Formulating the Lagrangian in terms of invariant quantities

Question

Consider a closed system consisting of $N$ point particles, whose Lagrangian is given in the standard way, by the total kinetic energy minus the potential energy: $\mathcal{L}(\dot{q},q):= T(\dot{q}) - U(q)$.

This definition of the Lagrangian is invariant under some symmetries but not others. For example, it is preserved under spatial translations, but a Galillean boost -- in which the velocity of every particle is uniformly shifted -- does not preserve the Lagrangian because it doesn't preserve kinetic energy. A single particle moving under no external forces can have any kinetic energy greater or equal to 0.

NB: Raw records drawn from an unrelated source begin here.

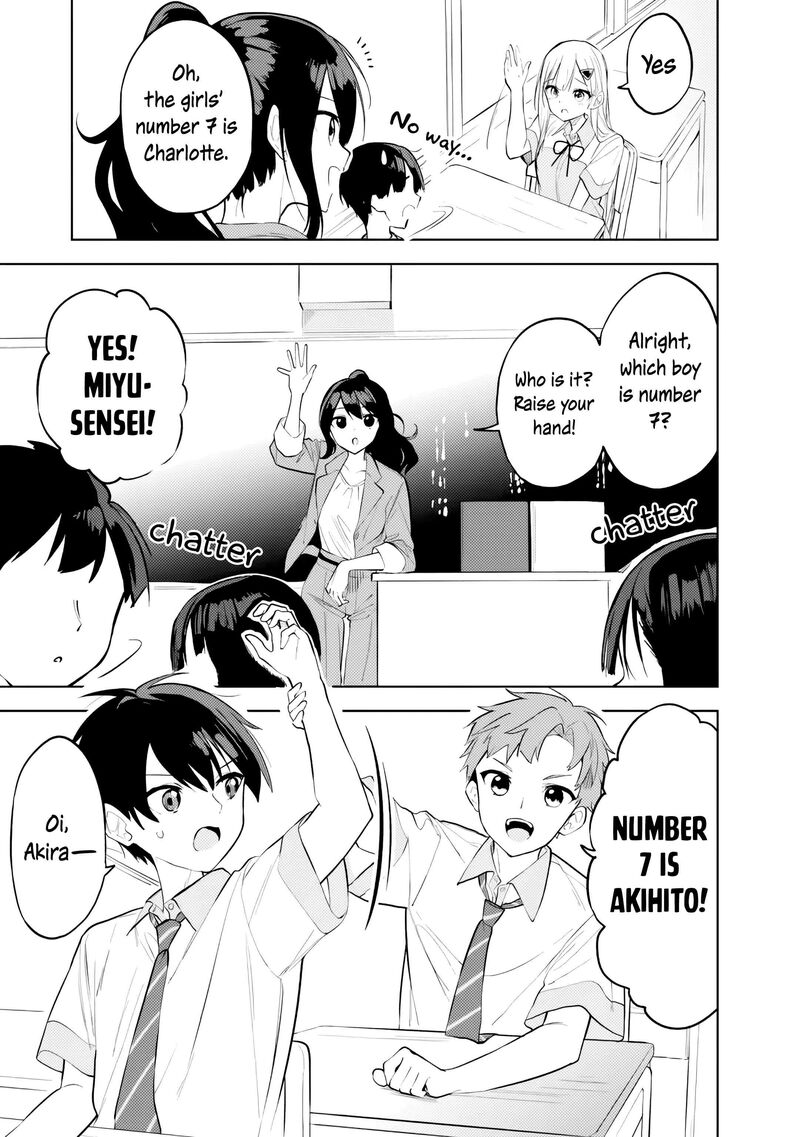 Maigo Ni Natteita Youjo Wo Tasuketara Otonari Ni Sumu Bishoujo Ryuugakusei Ga Ie Ni Asobi Ni Kuru You Ni Natta Ken Nitsuite Chapter 32 Page 19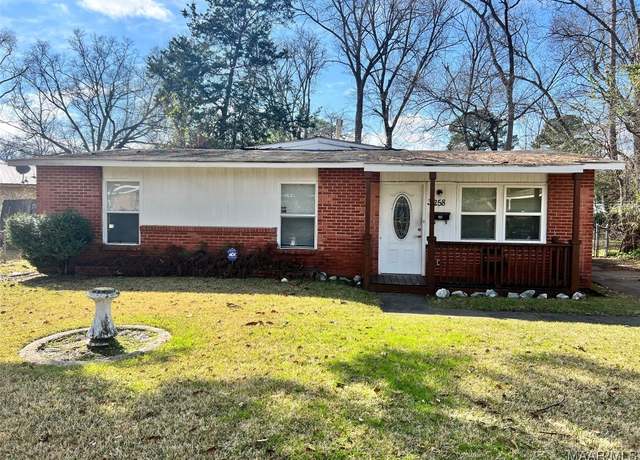 Property at 3258 Agate St, Montgomery, AL 36105, 3 beds, 2 baths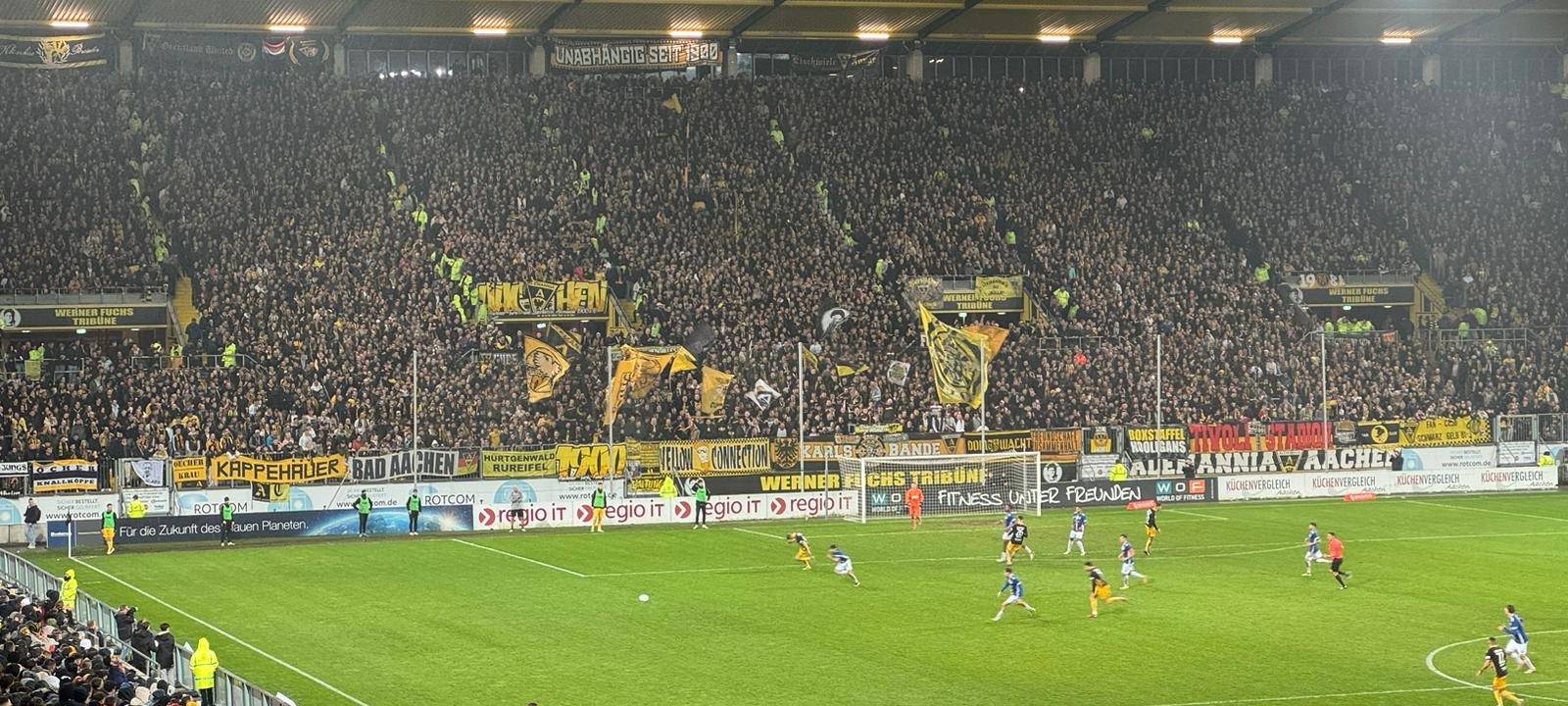 Alemannia Aachen am Sonntag zu Gast in Dresden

My question is: Is it possible to formulate the principle of least action and the Euler-Lagrange equations using quantities that are invariant under boosts? For example, suppose I were to define the invariant kinetic energy, $T^*$, as the kinetic energy in the center of momentum frame (or the total kinetic energy minus the velocity of the center of mass times the total mass), and introduce a Lagrangian $\mathcal{L^*}= T^* - U$. What's wrong with the principle that legitimate motions minimize $\int \mathcal{L}^*$?

Answer 1

It sounds like you are interested in symplectic reduction procedures. On of these methods is that of Routh's procedure to eliminate cyclic variables using a Legendre transform to a reduced-variable Hamiltonian called a Routhian.

Forming a variational approach may be difficult for some reduction procedures, however we can view conserved quantities as constraints on the system. In this way we can use the Dirac procedure for constrained Hamiltonians. This leads to a modified Poisson bracket called the Dirac bracket which describes the allowed region of phase space a system is allowed in.

Answer 2

While neither the Lagrangian $\mathcal{L}$ nor the action $S$ are invariant under boosts of the form $$\dot{q}(t) \to \dot{q}(t) + v, \quad v \in \mathbb{R},$$ the Euler-Lagrange equations are. The dynamics of the systems are unchanged for any transformation that preserves $\delta S = 0$, i.e. a transformation of the form $$ \mathcal{L}(q, \dot{q}, t) \to \mathcal{L}(q, \dot{q}, t) + \frac{d}{dt}f(q,t). $$ Notice that the boost in question merely adds to a total derivative to the standard Lagrangian $\mathcal{L} = T - V$, where:

$$ \mathcal{L}(q, \dot{q}, t) \to \mathcal{L}(q, \dot{q}, t) + \frac{d}{dt} \big( \frac{1}{2}mv^2 t + mvq \big). $$

Answer 3

Yes, it is, but it is not easy to know the invariant quantities beforehand, so the usual way to use it is to write down the Lagrangian in terms of any (non-necessarily invariant) quantities, and then use the principle of least action to find the invariant quantities, Nother currents, etc.